# βρηκες κανα...



## Karina (Brazil/Portugal)

Hello to you all my friends!  fo so long I didnt came here!

For what I can see, this sentence:

vrikes *kana* kalo portogalo k mas ksexases emas.

means:

_You had found a good portuguese and forgot us._ right? 

But I didnt understand why this *"kana"* in the sentence... kana = εκανα = I made... swsta?  




I will be glad with your help, thank you


----------



## Kevman

Γεια σου Καρίνα!


Karina (Brazil/Portugal) said:


> kana = εκανα = I made... swsta?


Nope. 

Κάνα is another way to say *κανένα*, a sort of indefinite determiner.
The first vowel would only be dropped from έκανα if the word before it ended with a vowel, so that's one way you could rule it out in this case.

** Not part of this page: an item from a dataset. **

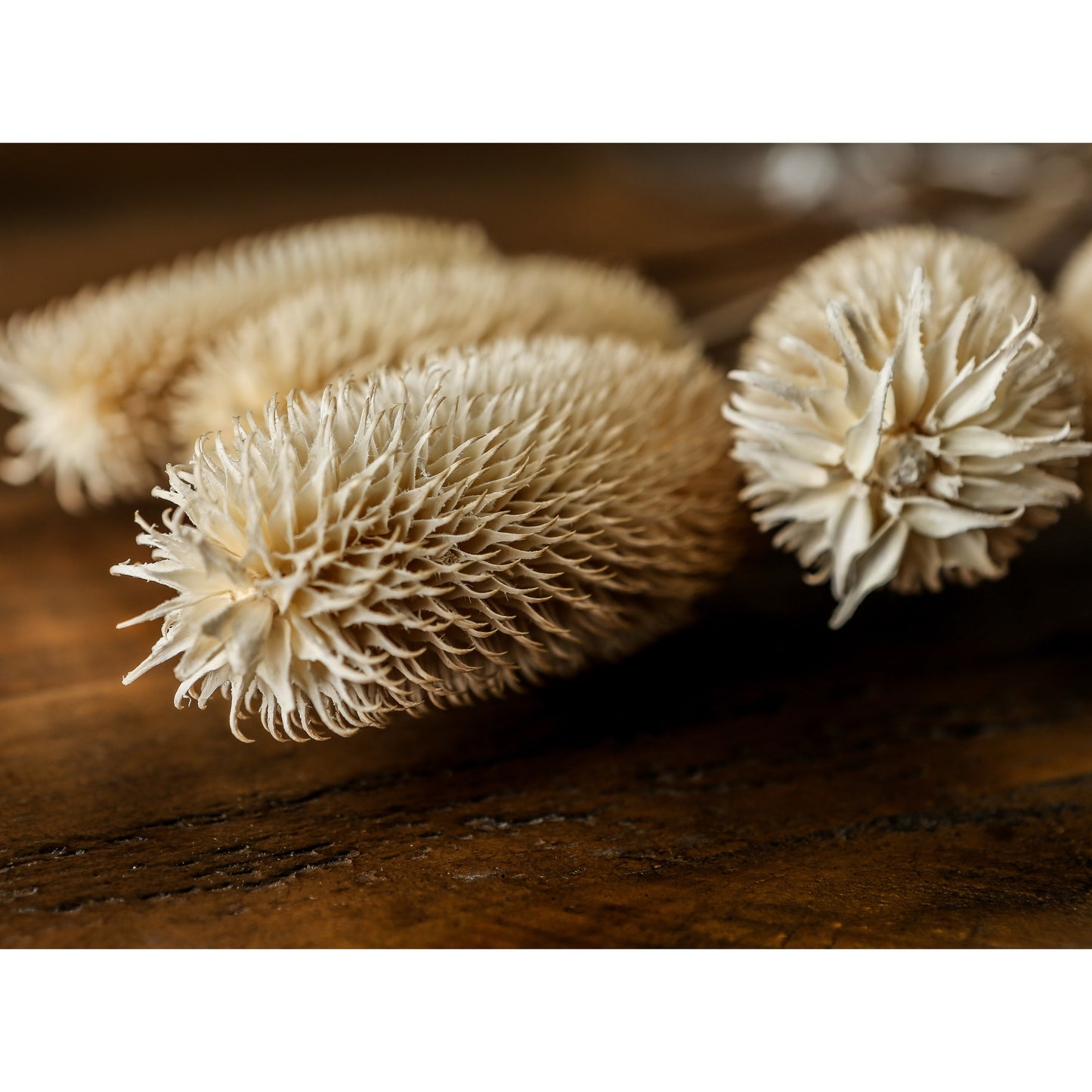Skandi London Bouquet Of Dried Tall Thistle - Skandi London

By the way, βρήκες is simply "you found." The past perfect tense ("you had found") is formed with έχω: είχες βρει.


----------



## pulcinella

I just add to the points Kevman made that the use of "kanena" usually indicates sth indefinite - in this phrase not only that the Portug. guy is not known to the speaker but that it is only a guess, a thought that is not certain, it's not a fact but sth the speaker supposes. And this is very well indicated with the use of ", right?" in the translation that you made Karina.


----------



## epam

i think the use of "right?" was not included in the translation, since it's clearly not underlined. The poster just asked if that was right, isn't that right?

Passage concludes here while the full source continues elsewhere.